### What the task asks
For the records below, copy exactly the span that begins at the line containing "Vertical shot of" and stops after the line containing "Grupa dzieci skierowana", minus any pictures.

### Extracted entries
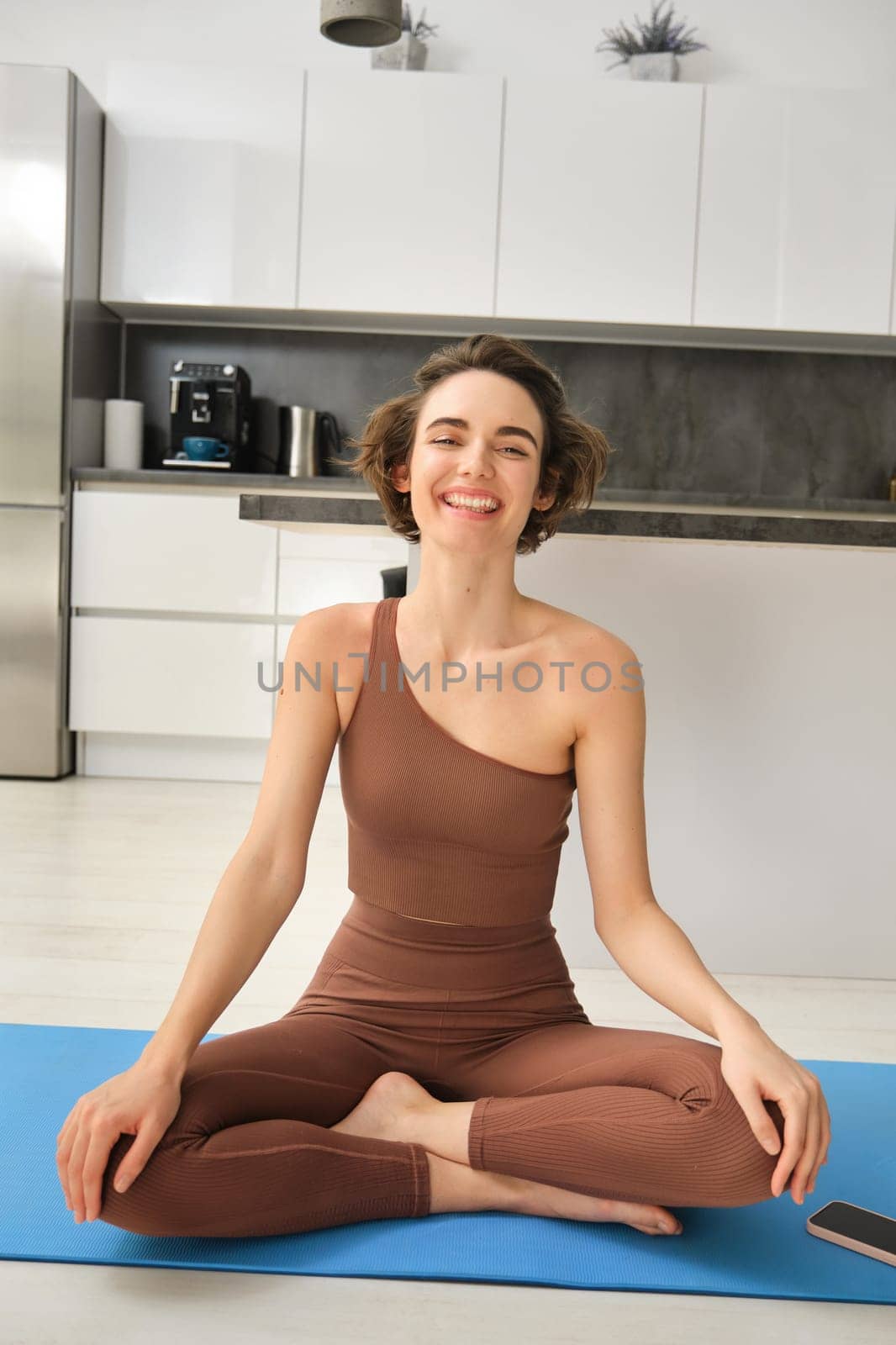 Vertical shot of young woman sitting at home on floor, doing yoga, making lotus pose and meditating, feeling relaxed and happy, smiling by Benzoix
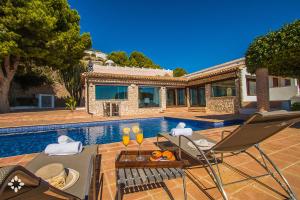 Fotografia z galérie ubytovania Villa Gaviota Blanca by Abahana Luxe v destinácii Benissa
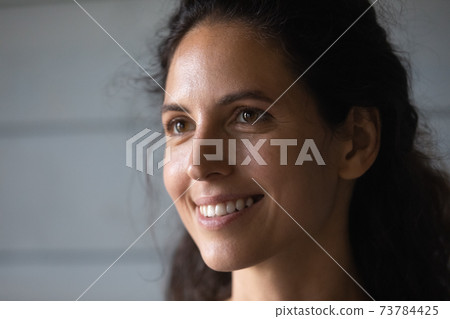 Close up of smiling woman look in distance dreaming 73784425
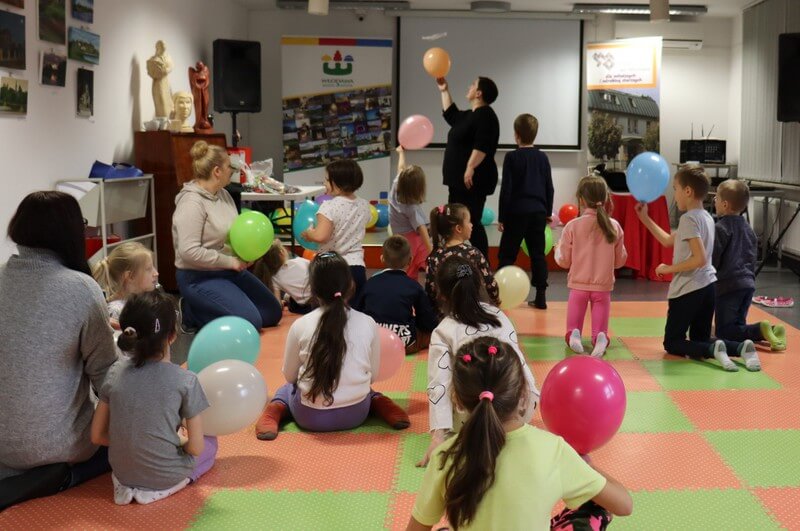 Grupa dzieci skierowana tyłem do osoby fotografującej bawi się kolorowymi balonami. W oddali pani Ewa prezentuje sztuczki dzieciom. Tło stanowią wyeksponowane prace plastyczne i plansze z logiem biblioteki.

---

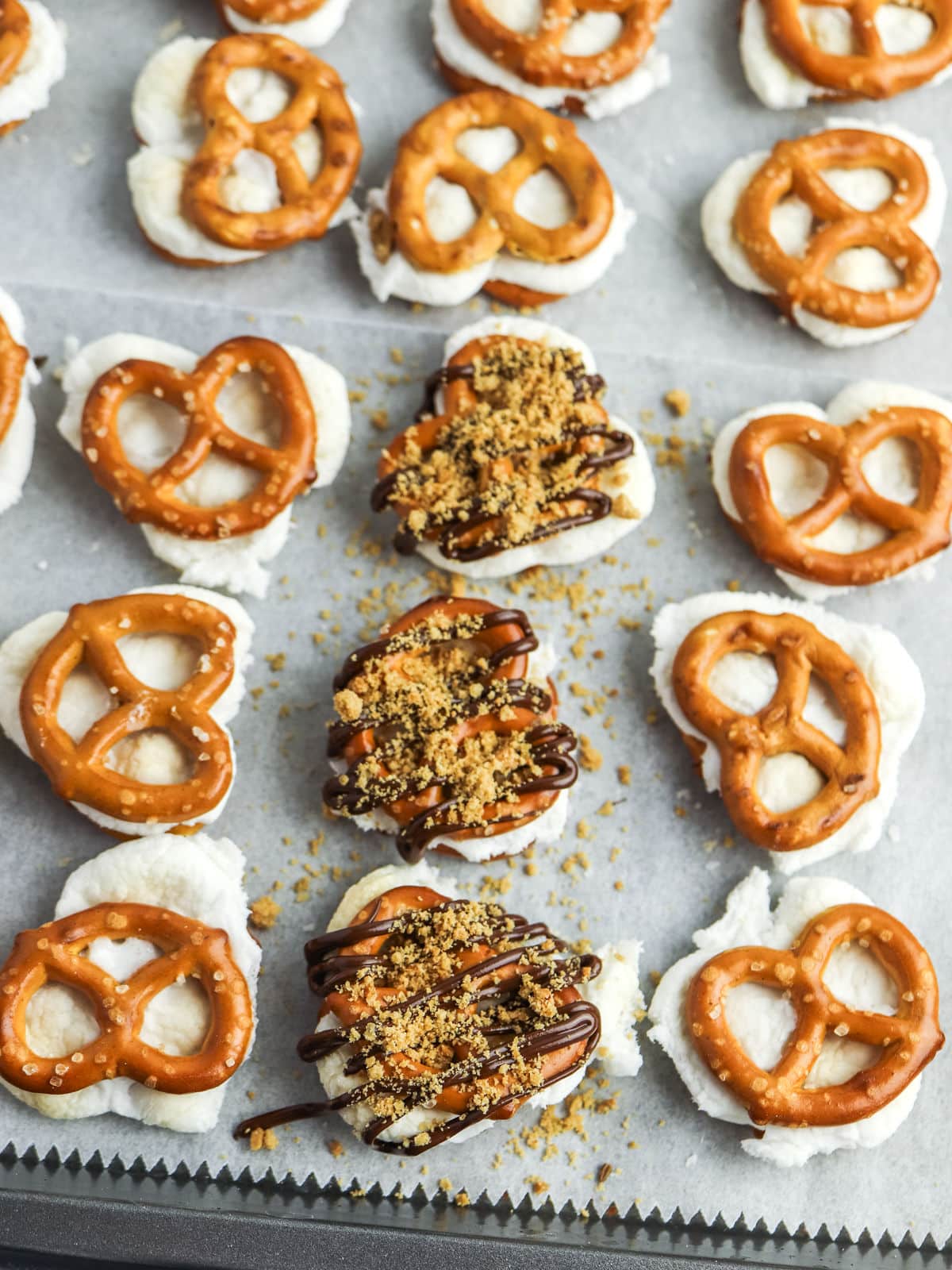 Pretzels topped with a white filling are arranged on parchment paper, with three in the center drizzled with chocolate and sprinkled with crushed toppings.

* * *

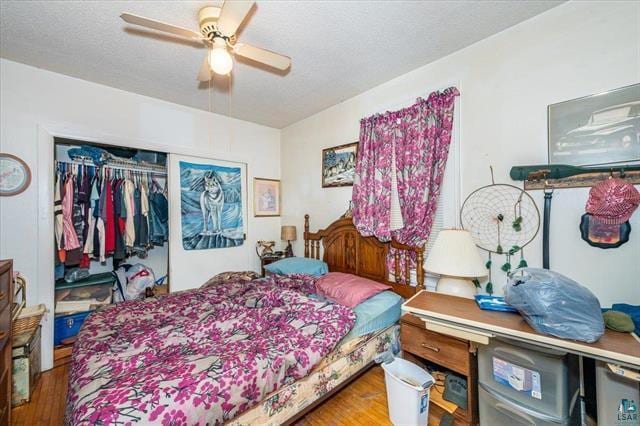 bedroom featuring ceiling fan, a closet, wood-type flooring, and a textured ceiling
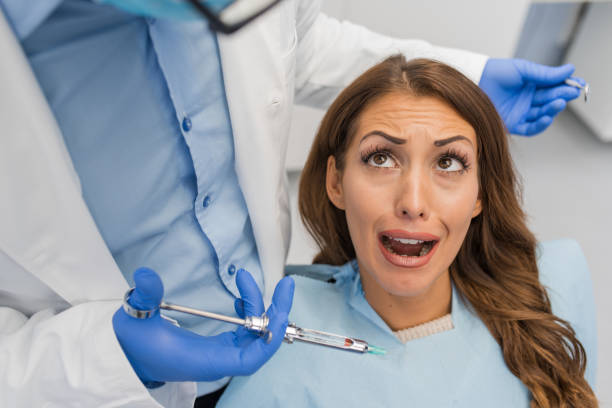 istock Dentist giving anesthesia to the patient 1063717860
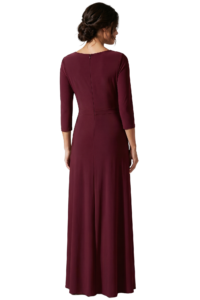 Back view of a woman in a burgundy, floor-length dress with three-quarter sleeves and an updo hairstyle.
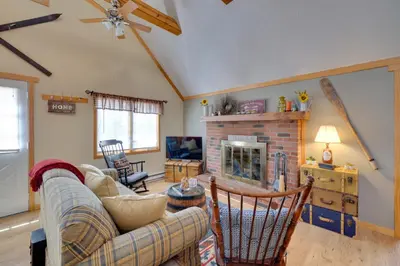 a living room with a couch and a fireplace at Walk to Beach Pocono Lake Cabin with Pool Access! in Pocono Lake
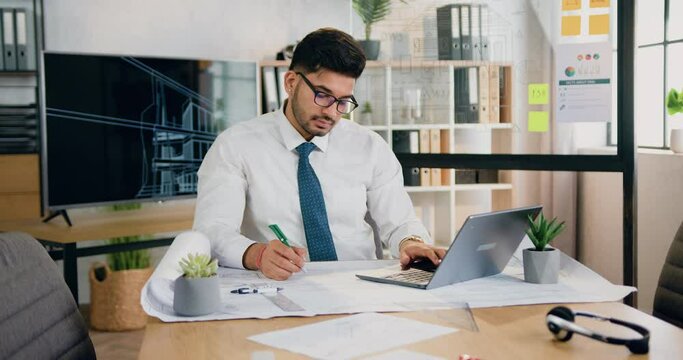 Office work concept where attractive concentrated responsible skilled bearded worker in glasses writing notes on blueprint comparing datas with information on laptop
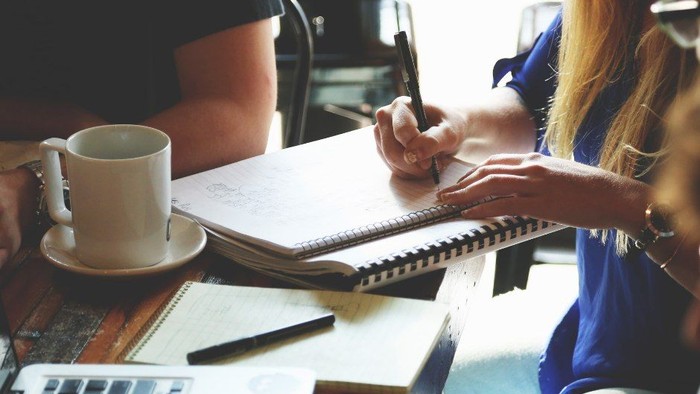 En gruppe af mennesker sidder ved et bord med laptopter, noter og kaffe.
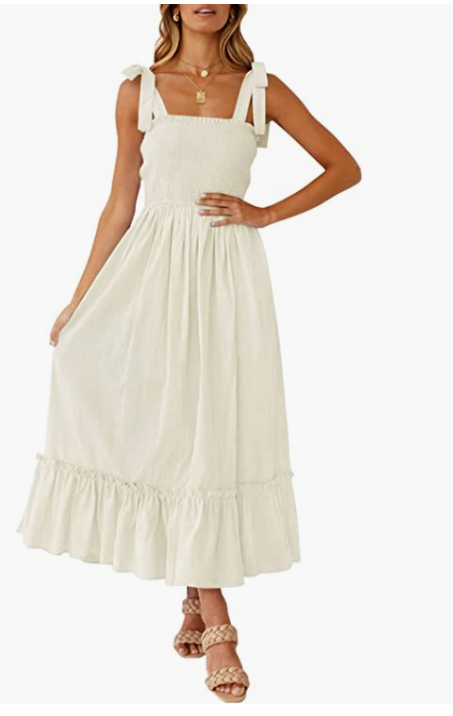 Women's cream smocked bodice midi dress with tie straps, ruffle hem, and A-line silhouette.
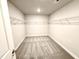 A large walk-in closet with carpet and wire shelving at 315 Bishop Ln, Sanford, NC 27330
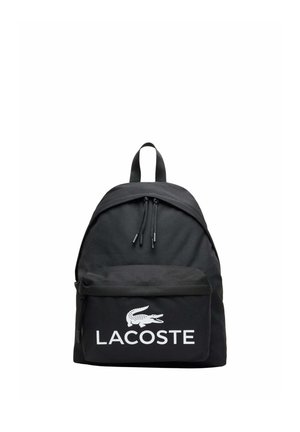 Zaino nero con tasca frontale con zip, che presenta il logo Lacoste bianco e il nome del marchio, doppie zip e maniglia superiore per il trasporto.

### Task response
 Vertical shot of young woman sitting at home on floor, doing yoga, making lotus pose and meditating, feeling relaxed and happy, smiling by Benzoix
 Fotografia z galérie ubytovania Villa Gaviota Blanca by Abahana Luxe v destinácii Benissa
 Close up of smiling woman look in distance dreaming 73784425
 Grupa dzieci skierowana tyłem do osoby fotografującej bawi się kolorowymi balonami. W oddali pani Ewa prezentuje sztuczki dzieciom. Tło stanowią wyeksponowane prace plastyczne i plansze z logiem biblioteki.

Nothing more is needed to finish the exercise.